### What needs to be done:
Starting at the line that contains "Salmon PDRN Bounce", transcribe each line through the end of the material below, exactly and nothing else, leaving out the pictures.

### Given data:

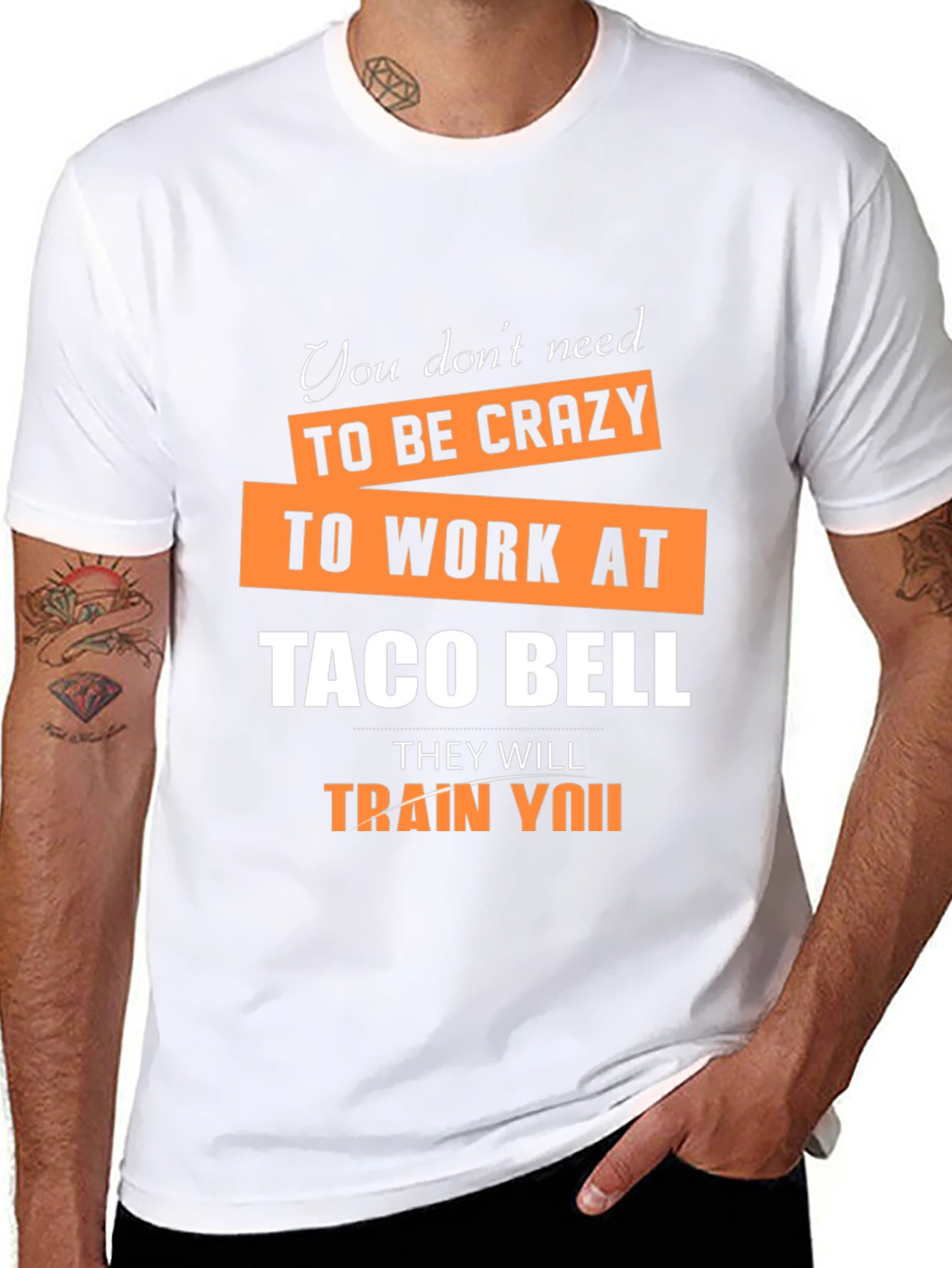 Black Crazy Taco Bell Employee Humor Graphic T-Shirt view 8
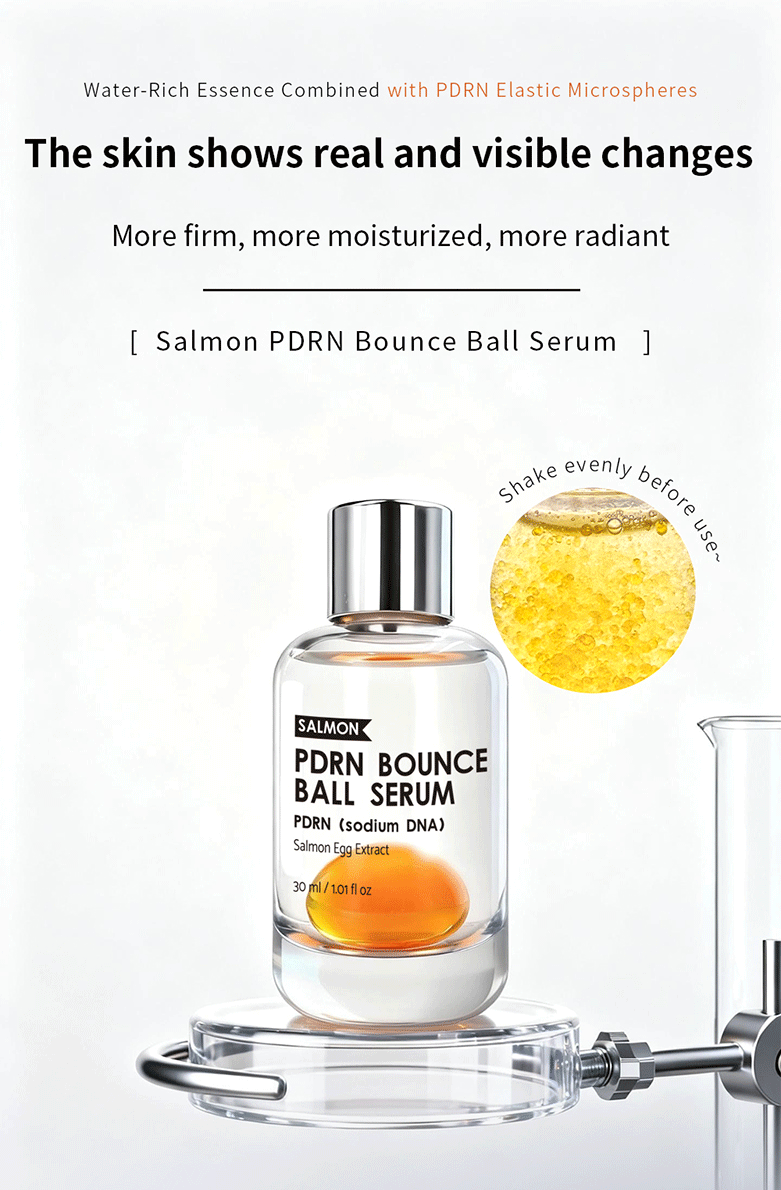 Salmon PDRN Bounce Ball Serum Anti-Aging Sodium DNA & Niacinamide Essence Shake-to-Activate Oil Beads for Instant Glow & Firming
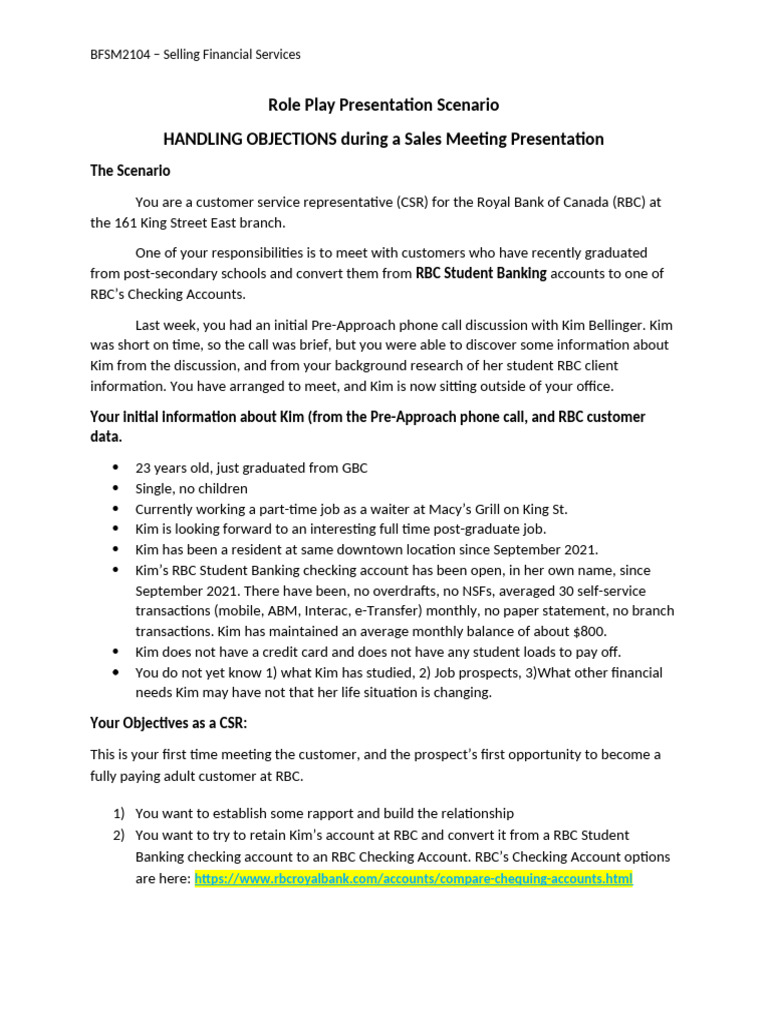 5%assignment#3 - Role Play - Handling Objections | PDF | Nonverbal ...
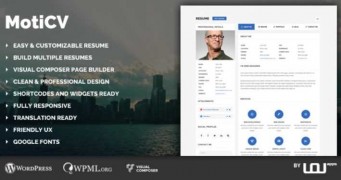 Moticv отзывчивая тема визитка и резюме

### Result of the exercise:
 Salmon PDRN Bounce Ball Serum Anti-Aging Sodium DNA & Niacinamide Essence Shake-to-Activate Oil Beads for Instant Glow & Firming
 5%assignment#3 - Role Play - Handling Objections | PDF | Nonverbal ...
 Moticv отзывчивая тема визитка и резюме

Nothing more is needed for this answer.